§ **Work item**
All of the records below are to be given again word for word, with the pictures removed.

§ **Task inputs**
--- START ---

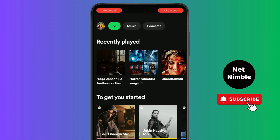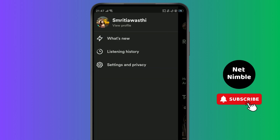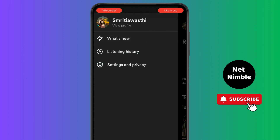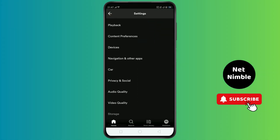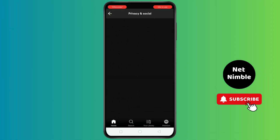To do that, simply go to the top right side where your profile icon is. When you tap on your profile, you will see options. Tap on Settings and Privacy. After tapping on Settings and Privacy, just scroll down and tap on Privacy and Social.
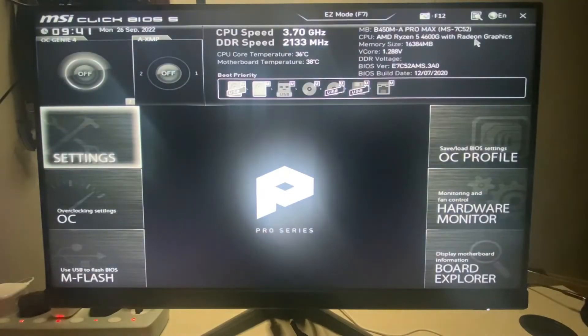Once it's starting up, you need to press the key to go to the BIOS. Mine is Delete — most of the time it's Delete, F11, or F12. Just try all three and it will take you to the BIOS. I'm pressing my key and it will bring up my BIOS settings.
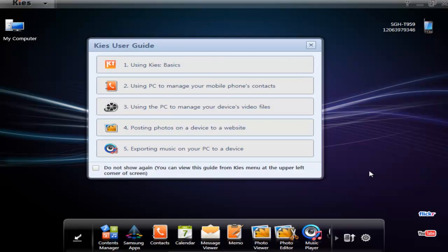Hey guys, this is Adam Lane with pocketnow.com. We're looking at the Samsung Kies software. This installs on your desktop for Windows and lets you connect to your Android Samsung Vibrant or Captivate Galaxy S phones.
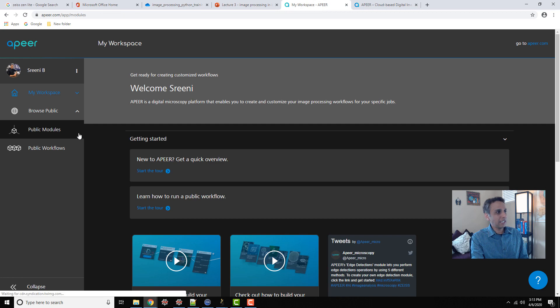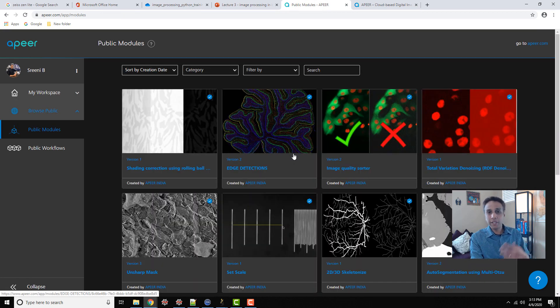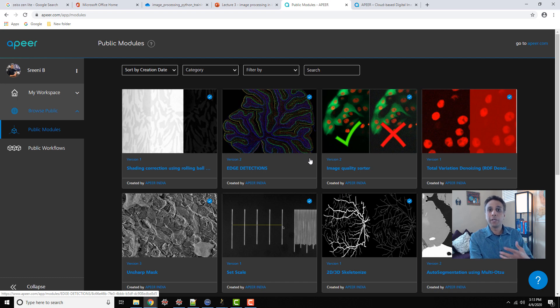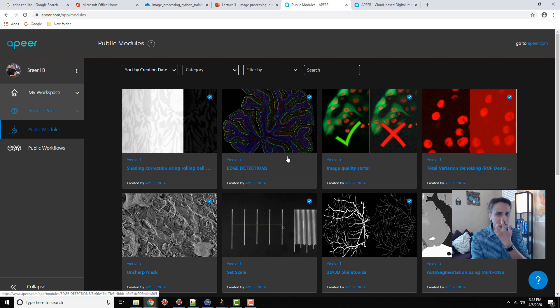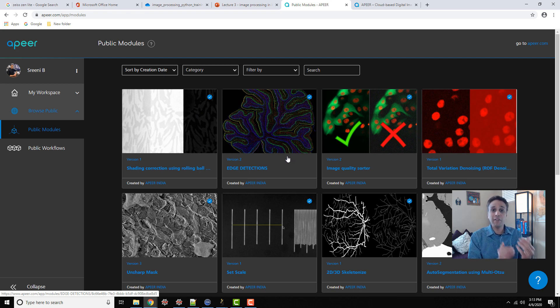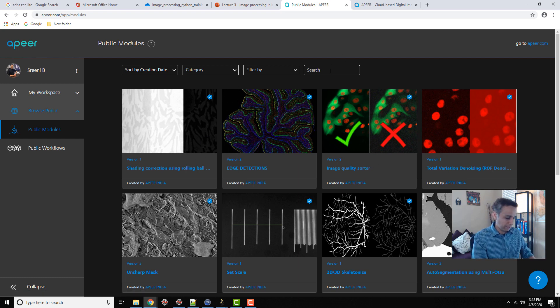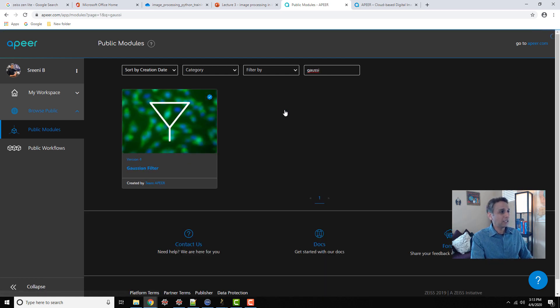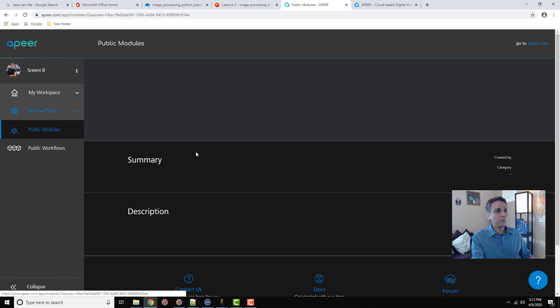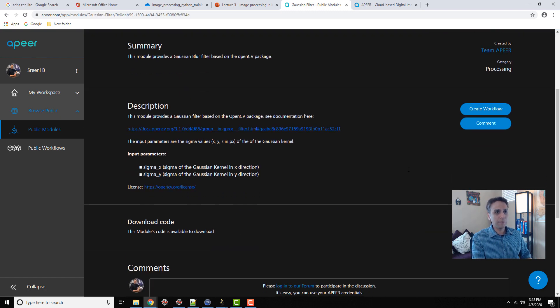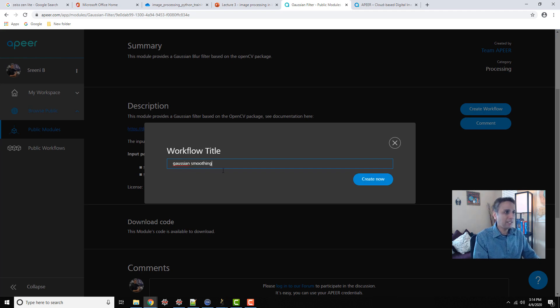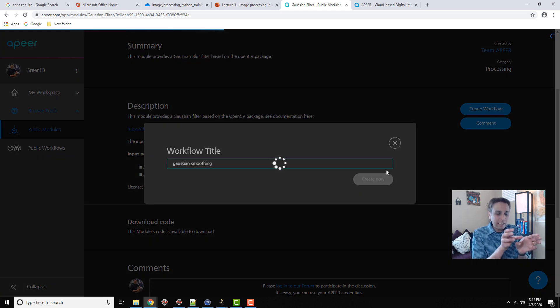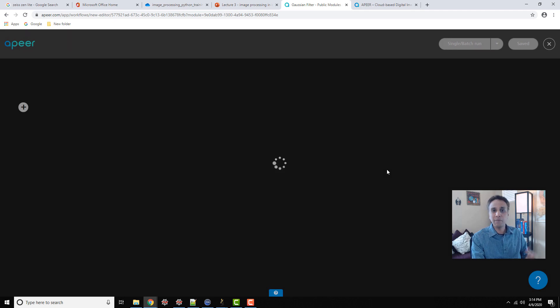So once you sign up, you can see a whole bunch of modules, mostly developed by Apeer team, but also contributed by third-party researchers like you. There are a lot of image processing tools. Think of these as plugins or macros that are pre-written but in a very usable way. We have shading correction, edge detectors, and a whole bunch of stuff. Let's do something simple. Let's do Gaussian filter. This is smoothing for noise. I can create a workflow, and I'll call this Gaussian smoothing.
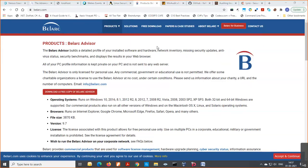Today the session is on Windows and Linux auditing tools. Basically, we'll be trying to learn some tools that will be helpful for auditing our Linux and Windows systems. This is a hands-on type of presentation where I'll be showing you demonstrations of how things have to be performed.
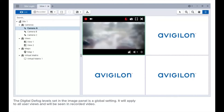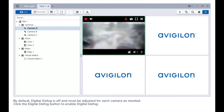The digital defog level set in the image panel is a global setting — it will apply to all user views and will be seen in recorded video. By default, digital defog is off and must be adjusted for each camera as needed.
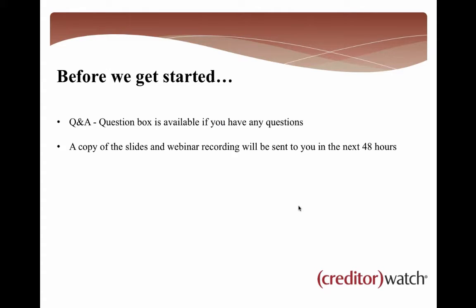You'll see that there's a Q&A box or a question box that is available within the GoToWebinar toolbox. Feel free to ask questions as we're going through this webinar and presentation. I've got a couple of staff members who are helping me out today and they will be answering any questions along the way that you might have.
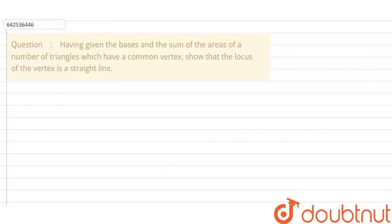Hello everyone, let's start with today's question. Today's question says that having given the bases and the sum of the areas of a number of triangles which have a common vertex, we need to show that the locus of the vertex is a straight line. We need to prove that the locus of the vertex is a straight line.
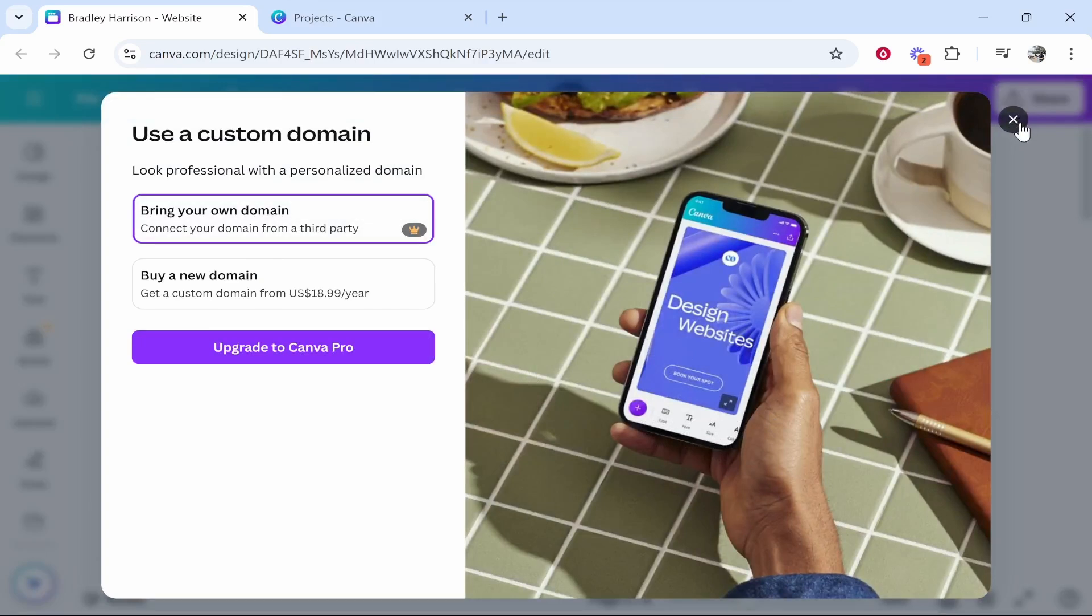I've got many videos on that, so if you just YouTube how to connect GoDaddy to Canva website my video will come up.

--- END ---

§ **Result for this task**
To do that, simply go to the top right side where your profile icon is. When you tap on your profile, you will see options. Tap on Settings and Privacy. After tapping on Settings and Privacy, just scroll down and tap on Privacy and Social.
Once it's starting up, you need to press the key to go to the BIOS. Mine is Delete — most of the time it's Delete, F11, or F12. Just try all three and it will take you to the BIOS. I'm pressing my key and it will bring up my BIOS settings.
Hey guys, this is Adam Lane with pocketnow.com. We're looking at the Samsung Kies software. This installs on your desktop for Windows and lets you connect to your Android Samsung Vibrant or Captivate Galaxy S phones.
So once you sign up, you can see a whole bunch of modules, mostly developed by Apeer team, but also contributed by third-party researchers like you. There are a lot of image processing tools. Think of these as plugins or macros that are pre-written but in a very usable way. We have shading correction, edge detectors, and a whole bunch of stuff. Let's do something simple. Let's do Gaussian filter. This is smoothing for noise. I can create a workflow, and I'll call this Gaussian smoothing.
Today the session is on Windows and Linux auditing tools. Basically, we'll be trying to learn some tools that will be helpful for auditing our Linux and Windows systems. This is a hands-on type of presentation where I'll be showing you demonstrations of how things have to be performed.
The digital defog level set in the image panel is a global setting — it will apply to all user views and will be seen in recorded video. By default, digital defog is off and must be adjusted for each camera as needed.
You'll see that there's a Q&A box or a question box that is available within the GoToWebinar toolbox. Feel free to ask questions as we're going through this webinar and presentation. I've got a couple of staff members who are helping me out today and they will be answering any questions along the way that you might have.
Hello everyone, let's start with today's question. Today's question says that having given the bases and the sum of the areas of a number of triangles which have a common vertex, we need to show that the locus of the vertex is a straight line. We need to prove that the locus of the vertex is a straight line.
I've got many videos on that, so if you just YouTube how to connect GoDaddy to Canva website my video will come up.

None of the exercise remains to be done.